Drug source questions

The execution should have taken 10 minutes, his lawyers said, but Wood, 55, gasped more than 600 times before he died.

It began at 13:52 (20:52 GMT), and Wood was pronounced dead at 15:49, one hour and 57 minutes later, according to the Arizona attorney-general's office.

He was convicted of the 1989 murders of his estranged girlfriend Debra Dietz and her father Eugene Dietz.

Family members of the victims were unconcerned by the way the execution was carried out.

Media caption,

"What I saw today... is nothing to the day it happened on August 7 1989": Sister of murder victim speaks out after execution

"This man conducted a horrific murder and you guys are going, let's worry about the drugs,'' said Richard Brown.

"Why didn't they give him a bullet?"

Wood's lawyers had sought to force Arizona to name the manufacturers of the drugs used in the execution, but a last-ditch ruling by the US Supreme Court cleared the way for the execution to go ahead.

Analysis: Rajini Vaidyanathan, BBC News, Washington

This latest case has brought the issue of how America executes its inmates on death row back into the spotlight, only a few months after a botched execution in Oklahoma.

The US constitution prohibits punishment which is "cruel and unusual". These cases, and the secrecy around the source of lethal injection drugs, will be cited by opponents as another reason to abolish capital punishment.

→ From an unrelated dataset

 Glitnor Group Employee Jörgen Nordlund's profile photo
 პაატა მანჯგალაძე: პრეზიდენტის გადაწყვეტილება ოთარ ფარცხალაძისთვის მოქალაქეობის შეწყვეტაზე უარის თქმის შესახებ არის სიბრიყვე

With more states failing to get hold of the chemicals, some are looking for alternatives. Earlier this month Tennessee introduced a law to bring back the electric chair, if there are no supplies of the drug. But this too is likely to be subject to legal challenges.

There might be an outcry over this latest execution, but the death penalty is still supported by many in the US, especially in southern states where most executions take place. Many argue it is a just punishment for those who have committed the most heinous of crimes.

In communications with Wood's lawyers this year, Arizona officials said they would use a two-drug combination of midazolam and hydromorphone to put him to death.

But they declined to provide further identifying information, including the name of the drug's manufacturer, citing a state confidentiality law aimed at protecting the drug makers from reprisal.

In 2010, the sole US manufacturer of sodium thiopental, a sedative used in lethal injections, stopped producing it. States switched to pentobarbital, also a sedative, but its Danish manufacturer Lundbeck began tightly restricting its distribution to prevent it being used in executions.

And in 2011, the UK imposed export bans on three common lethal injection drugs, pentobarbital, pancuronium bromide and potassium chloride. In the same year, the EU restricted the distribution of sodium thiopental to nations that practise capital punishment.

States have experimented with other drugs since.

In April, Oklahoma tried to inject Clayton Lockett with a dose of midazolam, but the executioners were unable to find a suitable vein, the injection failed, and the execution was halted. Lockett died of a heart attack moments later.

And in January in Ohio, Dennis McGuire appeared to gasp, snort and choke for 25 minutes after he was injected with a two-drug combination of midazolam and hydromorphone.